→ PROBLEM
From the line that contains "Mai ek driver" through the closing line of the entries, write out each line exactly; pictures stay out.

[Stored records]
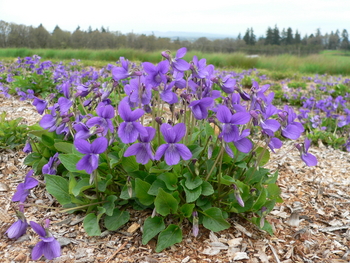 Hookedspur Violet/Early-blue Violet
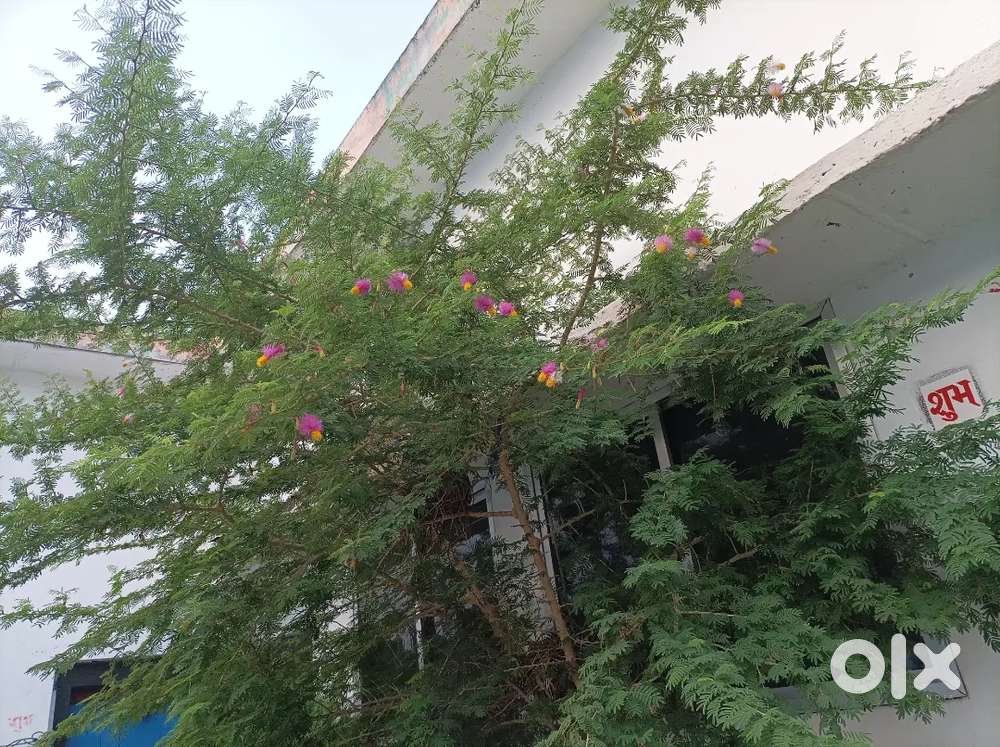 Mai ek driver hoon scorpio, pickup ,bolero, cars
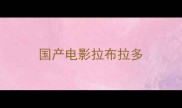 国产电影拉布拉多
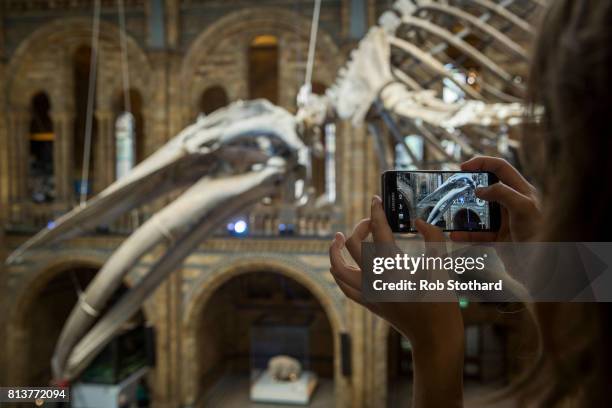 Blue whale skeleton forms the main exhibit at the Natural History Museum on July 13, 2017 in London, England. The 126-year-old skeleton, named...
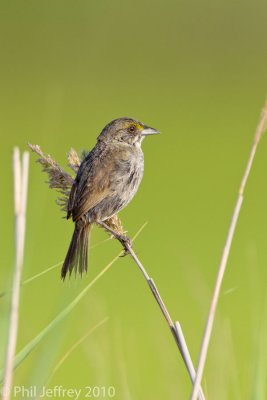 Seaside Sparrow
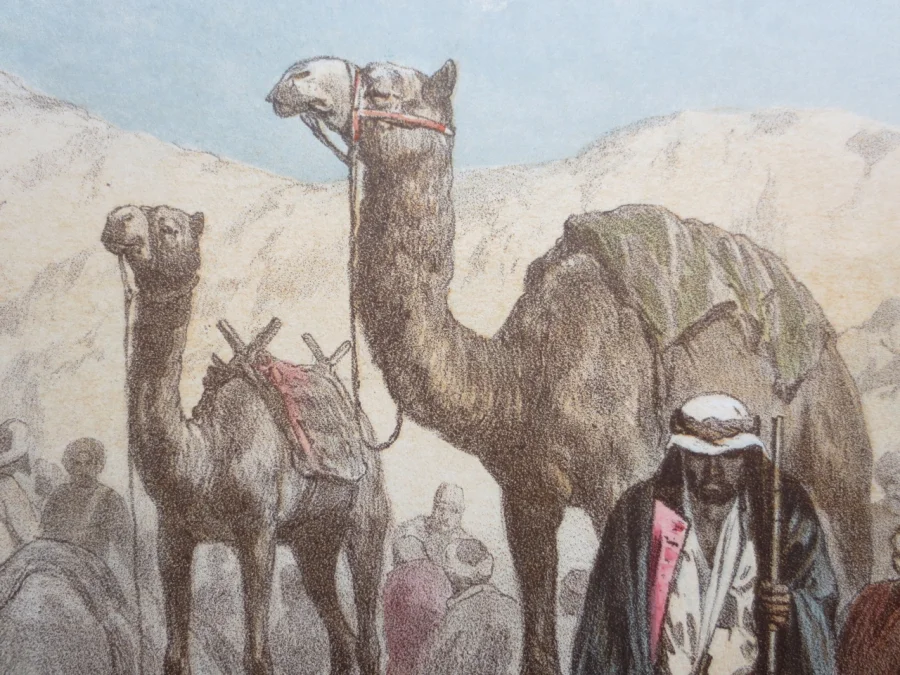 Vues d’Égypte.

→ RESPONSE BELOW
 Mai ek driver hoon scorpio, pickup ,bolero, cars
 国产电影拉布拉多
 Blue whale skeleton forms the main exhibit at the Natural History Museum on July 13, 2017 in London, England. The 126-year-old skeleton, named...
 Seaside Sparrow
 Vues d’Égypte.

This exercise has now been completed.